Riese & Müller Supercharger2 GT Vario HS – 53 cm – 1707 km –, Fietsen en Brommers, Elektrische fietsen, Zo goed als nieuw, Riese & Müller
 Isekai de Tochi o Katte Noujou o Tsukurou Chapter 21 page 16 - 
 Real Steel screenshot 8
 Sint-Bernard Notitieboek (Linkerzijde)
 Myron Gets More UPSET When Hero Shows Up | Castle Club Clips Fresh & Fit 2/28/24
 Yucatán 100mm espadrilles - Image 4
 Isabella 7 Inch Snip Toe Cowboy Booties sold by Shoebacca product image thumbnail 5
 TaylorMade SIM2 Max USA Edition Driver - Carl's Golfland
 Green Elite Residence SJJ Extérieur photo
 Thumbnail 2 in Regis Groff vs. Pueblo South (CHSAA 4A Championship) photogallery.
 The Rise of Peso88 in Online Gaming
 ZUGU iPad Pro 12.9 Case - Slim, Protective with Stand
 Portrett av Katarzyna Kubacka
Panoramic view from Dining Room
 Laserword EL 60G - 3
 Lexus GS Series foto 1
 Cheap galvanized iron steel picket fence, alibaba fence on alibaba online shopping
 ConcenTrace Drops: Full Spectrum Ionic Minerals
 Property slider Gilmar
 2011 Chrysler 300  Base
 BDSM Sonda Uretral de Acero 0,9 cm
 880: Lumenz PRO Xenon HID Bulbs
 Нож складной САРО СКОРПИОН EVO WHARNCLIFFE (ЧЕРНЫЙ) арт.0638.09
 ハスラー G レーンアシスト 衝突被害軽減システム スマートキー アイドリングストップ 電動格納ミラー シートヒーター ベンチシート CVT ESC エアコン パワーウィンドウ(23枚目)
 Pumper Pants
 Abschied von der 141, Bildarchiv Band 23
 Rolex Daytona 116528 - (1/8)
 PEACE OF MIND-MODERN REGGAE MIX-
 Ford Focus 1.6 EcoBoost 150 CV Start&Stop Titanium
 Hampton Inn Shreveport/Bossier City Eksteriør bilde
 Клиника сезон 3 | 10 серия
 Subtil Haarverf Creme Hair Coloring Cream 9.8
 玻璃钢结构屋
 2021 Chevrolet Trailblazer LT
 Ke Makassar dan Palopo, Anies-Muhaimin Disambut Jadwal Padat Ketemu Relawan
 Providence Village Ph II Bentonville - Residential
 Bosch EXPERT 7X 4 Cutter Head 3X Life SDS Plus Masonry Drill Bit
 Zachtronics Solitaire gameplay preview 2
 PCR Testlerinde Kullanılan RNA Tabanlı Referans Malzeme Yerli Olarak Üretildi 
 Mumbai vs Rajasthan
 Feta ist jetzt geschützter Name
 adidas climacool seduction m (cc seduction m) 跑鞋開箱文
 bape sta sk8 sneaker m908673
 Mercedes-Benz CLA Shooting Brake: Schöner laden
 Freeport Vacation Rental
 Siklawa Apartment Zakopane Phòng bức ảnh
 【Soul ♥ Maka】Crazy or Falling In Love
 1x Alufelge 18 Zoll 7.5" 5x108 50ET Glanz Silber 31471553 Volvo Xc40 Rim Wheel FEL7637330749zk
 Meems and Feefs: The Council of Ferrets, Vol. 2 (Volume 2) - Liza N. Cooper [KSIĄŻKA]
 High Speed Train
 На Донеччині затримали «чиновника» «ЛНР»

DIRECTIONS FOR THIS TASK –
Would you please copy exactly the part of the entries above that begins at the line containing "Sint-Bernard Notitieboek (Linkerzijde)" and ends at the line containing "Panoramic view from Dining Room", both lines included?

TASK OUTPUT –
 Sint-Bernard Notitieboek (Linkerzijde)
 Myron Gets More UPSET When Hero Shows Up | Castle Club Clips Fresh & Fit 2/28/24
 Yucatán 100mm espadrilles - Image 4
 Isabella 7 Inch Snip Toe Cowboy Booties sold by Shoebacca product image thumbnail 5
 TaylorMade SIM2 Max USA Edition Driver - Carl's Golfland
 Green Elite Residence SJJ Extérieur photo
 Thumbnail 2 in Regis Groff vs. Pueblo South (CHSAA 4A Championship) photogallery.
 The Rise of Peso88 in Online Gaming
 ZUGU iPad Pro 12.9 Case - Slim, Protective with Stand
 Portrett av Katarzyna Kubacka
Panoramic view from Dining Room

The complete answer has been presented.